[原子力産業新聞] 2008年3月27日 第2422号 <2面>

ゼロエミッションの原子力を 国民対話 低炭素社会への道筋

「甘利経産相、鴨下環境相と語る希望と安心の国づくり」の国民対話が、内閣府主催で4月5日午後、「地球温暖化について」をテーマに、今夏G8サミットの開催地北海道・洞爺湖町の洞爺湖文化センターで行われる。

事前に内閣官房が取りまとめた「論点ペーパー」では、「低炭素社会への道筋」として、世界全体の温室効果ガスの排出量が現在、自然吸収量の約2倍になっていることから、「日本は『世界全体の排出量を2050年までに半減』を世界共通の長期目標として提示」していると説明している。

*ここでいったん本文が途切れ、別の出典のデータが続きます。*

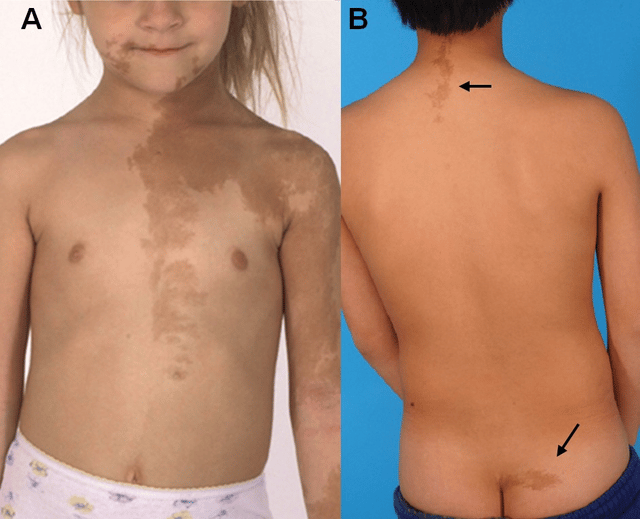 McCune–Albright syndrome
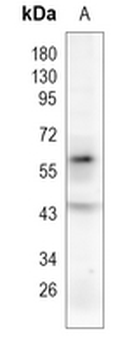 TRAF6 Rabbit Monoclonal Antibody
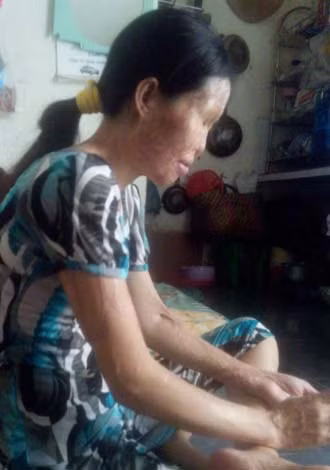 10 năm qua, Thủy phải sống chui lủi, trốn tránh tất cả bạn bè chỉ vì khuôn mặt biến dạng của mình.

そのため論点としては、(1)低炭素社会の姿とはどのようなものか(2)そんな社会を作るのに必要な政策手法とは(3)国際的な協調・協力体制はどのようにあるべきか――の3点を掲げた。低炭素社会づくりに向けては、(1)低炭素型住宅などの技術イノベーション(2)ライフスタイル改革B低炭素型の大規模な都市造りなど社会資本イノベーション――が必要だとしている。

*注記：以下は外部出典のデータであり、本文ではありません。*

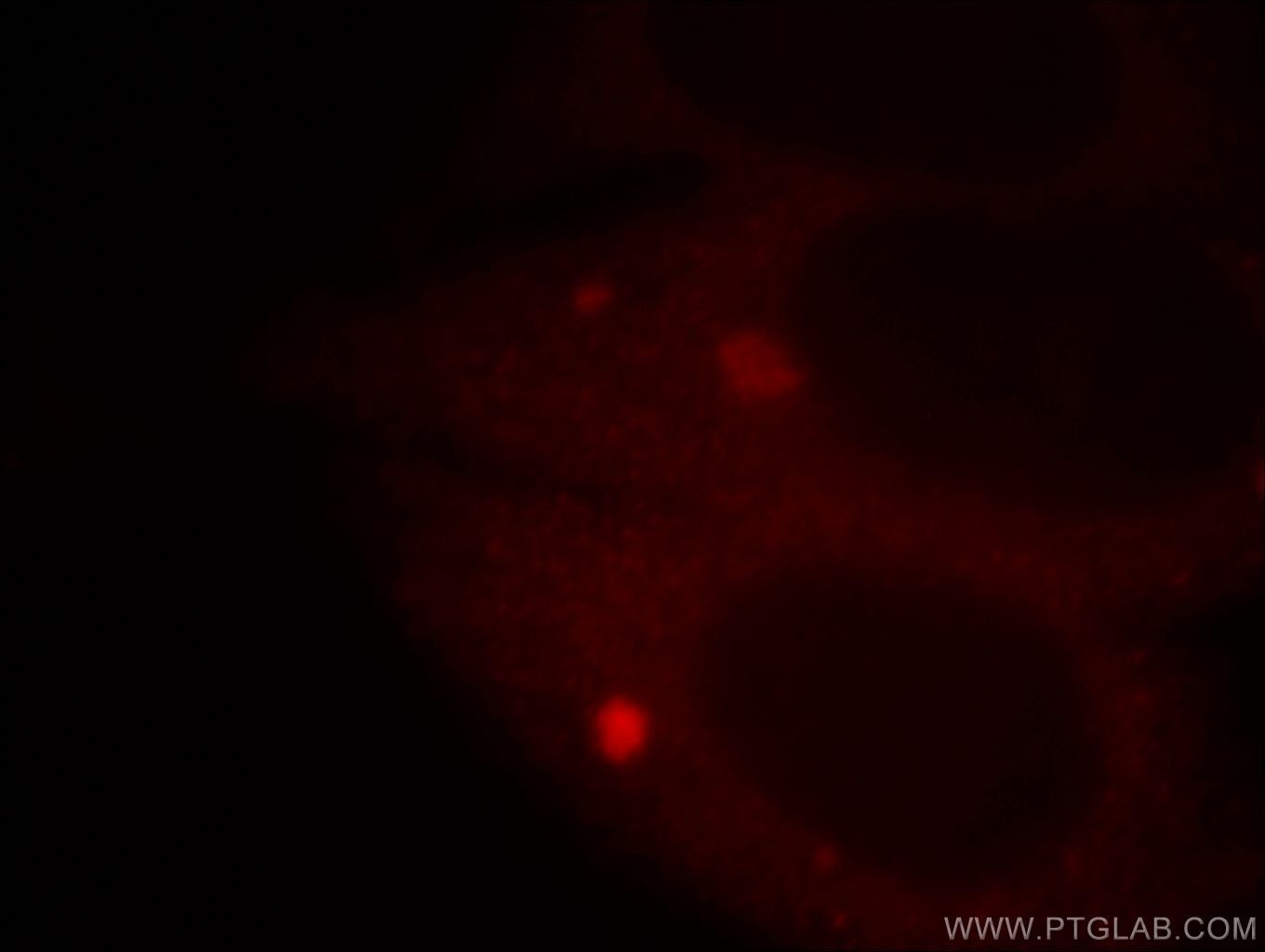 Immunofluorescence (IF) / fluorescent staining of HepG2 cells using APPL1 Polyclonal antibody (19885-1-AP)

より具体的な近未来の実施項目としては「原子力発電の推進」も、低炭素エネルギーの活用の中で、太陽光発電や石炭利用のクリーン化などの技術と一緒に列挙されている。

さらに2050年のイメージでは、(1)太陽光社会(2)水素社会(3)二酸化炭素を排出しないゼロ・エミッション社会(4)超高効率省エネ社会――の4項目を例示。

ゼロ・エミッション構想の中で、原子力については、次世代軽水炉技術、中小型炉技術、高速サイクル技術を挙げ、「ゼロ・エミッションの原子力発電を大幅に拡大」と明示した上で、中小型炉の例として、蒸気発生器を圧力容器内に納めたIMR(電気出力35万キロワット)の原子炉鳥瞰図を示すなどしている。